According to various embodiments as described above, a user may train a neural network model based on personal learning data on a terminal device having a limited memory and computing power.

BRIEF DESCRIPTION OF THE DRAWINGS

The above and other aspects and features of certain embodiments of the present disclosure will be more apparent from the following description taken in conjunction with the accompanying drawings, in which:

FIG. 1 is a block diagram briefly illustrating a configuration of an electronic device according to an embodiment of the disclosure;

FIGS. 2, 3, and 4 are diagrams illustrating processes of training a neural network model by an electronic device, by selectively updating layers thereof, according to various embodiment of the disclosure;

FIG. 5 is a diagram illustrating a process of training a neural network model by an electronic device using a skip connection according to an embodiment of the disclosure;

FIG. 6 is a diagram illustrating a process of optimizing a weight of a layer included in a neural network model in a unit of a window by an electronic device according to an embodiment of the disclosure;

FIG. 7 is a diagram illustrating a process of training a neural network model by an electronic device according to an embodiment of the disclosure;

FIG. 8 is a flowchart diagram illustrating a method of controlling an electronic device according to an embodiment of the disclosure; and

FIG. 9 is a block diagram illustrating a configuration of an electronic device in detail according to an embodiment of the disclosure.

DETAILED DESCRIPTION

The terms used in the disclosure and the claims are general terms identified in consideration of the functions of embodiments of the disclosure.
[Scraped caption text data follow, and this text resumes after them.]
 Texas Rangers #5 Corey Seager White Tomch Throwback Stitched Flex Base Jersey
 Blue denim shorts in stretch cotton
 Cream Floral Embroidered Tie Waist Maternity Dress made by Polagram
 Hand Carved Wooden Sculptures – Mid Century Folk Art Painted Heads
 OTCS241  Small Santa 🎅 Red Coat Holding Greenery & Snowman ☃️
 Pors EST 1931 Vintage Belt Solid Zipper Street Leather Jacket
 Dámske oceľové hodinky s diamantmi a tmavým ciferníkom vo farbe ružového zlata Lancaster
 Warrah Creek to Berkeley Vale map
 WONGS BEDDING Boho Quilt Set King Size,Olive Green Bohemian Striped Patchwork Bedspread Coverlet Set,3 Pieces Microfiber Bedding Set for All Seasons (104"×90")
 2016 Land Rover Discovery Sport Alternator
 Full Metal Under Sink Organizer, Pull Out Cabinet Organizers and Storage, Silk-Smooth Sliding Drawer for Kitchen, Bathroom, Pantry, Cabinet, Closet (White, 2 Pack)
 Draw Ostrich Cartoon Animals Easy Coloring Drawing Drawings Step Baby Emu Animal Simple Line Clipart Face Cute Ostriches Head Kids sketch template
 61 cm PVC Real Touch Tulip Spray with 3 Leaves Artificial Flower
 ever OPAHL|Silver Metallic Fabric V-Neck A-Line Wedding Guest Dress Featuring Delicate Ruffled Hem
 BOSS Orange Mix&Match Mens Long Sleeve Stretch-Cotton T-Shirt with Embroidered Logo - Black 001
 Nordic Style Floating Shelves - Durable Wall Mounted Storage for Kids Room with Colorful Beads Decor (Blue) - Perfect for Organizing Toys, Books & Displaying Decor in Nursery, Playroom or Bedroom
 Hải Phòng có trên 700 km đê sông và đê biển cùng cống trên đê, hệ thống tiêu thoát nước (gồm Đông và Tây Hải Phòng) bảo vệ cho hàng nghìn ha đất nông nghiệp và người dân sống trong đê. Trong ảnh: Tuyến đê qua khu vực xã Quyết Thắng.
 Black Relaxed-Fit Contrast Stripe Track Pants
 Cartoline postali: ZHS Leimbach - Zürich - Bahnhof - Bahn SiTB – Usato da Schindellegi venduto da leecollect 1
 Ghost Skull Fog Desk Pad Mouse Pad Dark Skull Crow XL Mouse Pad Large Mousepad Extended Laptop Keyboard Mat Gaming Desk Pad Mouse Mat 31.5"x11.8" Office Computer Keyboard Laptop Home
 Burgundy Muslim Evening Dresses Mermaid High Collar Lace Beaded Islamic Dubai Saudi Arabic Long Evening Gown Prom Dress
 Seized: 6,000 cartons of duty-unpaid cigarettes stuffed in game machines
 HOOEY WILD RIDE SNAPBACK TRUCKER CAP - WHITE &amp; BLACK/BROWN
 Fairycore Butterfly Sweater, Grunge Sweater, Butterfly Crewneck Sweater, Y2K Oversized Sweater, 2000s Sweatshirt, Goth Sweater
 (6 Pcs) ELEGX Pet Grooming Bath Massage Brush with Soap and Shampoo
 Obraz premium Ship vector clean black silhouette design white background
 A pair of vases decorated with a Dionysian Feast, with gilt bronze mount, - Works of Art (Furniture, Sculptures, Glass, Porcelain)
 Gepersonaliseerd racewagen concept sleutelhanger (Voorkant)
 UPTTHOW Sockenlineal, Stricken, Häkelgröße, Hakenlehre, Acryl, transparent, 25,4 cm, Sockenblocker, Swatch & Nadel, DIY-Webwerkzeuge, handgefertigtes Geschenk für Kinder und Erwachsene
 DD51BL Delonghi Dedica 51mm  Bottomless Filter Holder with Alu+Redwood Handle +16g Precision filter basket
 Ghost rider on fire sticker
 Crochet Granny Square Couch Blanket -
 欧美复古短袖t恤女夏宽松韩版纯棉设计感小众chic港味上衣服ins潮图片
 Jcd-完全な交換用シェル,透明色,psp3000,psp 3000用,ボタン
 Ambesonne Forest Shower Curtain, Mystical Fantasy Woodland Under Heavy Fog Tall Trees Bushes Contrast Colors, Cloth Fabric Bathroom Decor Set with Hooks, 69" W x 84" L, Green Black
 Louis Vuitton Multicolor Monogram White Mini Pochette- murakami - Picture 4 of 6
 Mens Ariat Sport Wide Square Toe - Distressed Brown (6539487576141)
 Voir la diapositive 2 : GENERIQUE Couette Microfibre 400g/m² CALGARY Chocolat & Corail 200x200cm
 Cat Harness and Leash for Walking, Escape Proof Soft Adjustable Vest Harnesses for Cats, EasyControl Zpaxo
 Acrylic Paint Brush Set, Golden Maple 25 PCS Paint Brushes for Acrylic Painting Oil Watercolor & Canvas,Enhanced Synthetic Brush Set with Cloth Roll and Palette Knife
However, these terms may vary depending on intention, legal or technical interpretation, emergence of new technologies, and the like of those skilled in the related art. In addition, in some cases, a term may be selected by the applicant, in which case the term will be described in detail in the corresponding description of the disclosure. Thus, the terms used in this disclosure should be interpreted based on the provided meaning of the terms, and the contents throughout this disclosure, rather than the simple name of the terms.

One or more specific embodiments of the disclosure are illustrated in the drawings and are described in detail in the detailed description. However, it is to be understood that the disclosure is not limited to the one or more specific embodiments, but includes all modifications, equivalents, and substitutions without departing from the scope and spirit of the disclosure. Also, well-known functions or constructions are not described in detail since they would obscure the disclosure with unnecessary detail.

In relation to explanation of the drawings, similar drawing reference numerals may be used for similar constituent elements.

As used herein, the terms “first,” “second,” or the like may identify corresponding components, regardless of importance of order, and are used to distinguish a component from another without limiting the components.

As used herein, a singular expression includes a plural expression, unless otherwise specified. Also, it is to be understood that the terms such as “comprise” and “include” may, for example, be used to designate a presence of a characteristic, number, step, operation, element, component, or a combination thereof, and not to preclude a presence or a possibility of adding one or more of other characteristics, numbers, steps, operations, elements, components or a combination thereof.

As used herein, expressions such as “A or B”, “at least one of A [and/or] B,”, or “one or more of A [and/or] B,” include all possible combinations of the listed items. For example, expressions such as “at least one of A [and/or] B,” or “one or more of A [and/or] B,” include all possible combinations of the listed items. For example, “at least one of A and B,” or “at least one of A or B” includes any of (1) at least one A, (2) at least one B, or (3) at least one A and at least one B.

As used herein, the expressions “have,” “may have,” “include,” or “may include” or the like represent presence of a corresponding feature (for example: components such as numbers, functions, operations, or parts) and does not exclude the presence of additional feature.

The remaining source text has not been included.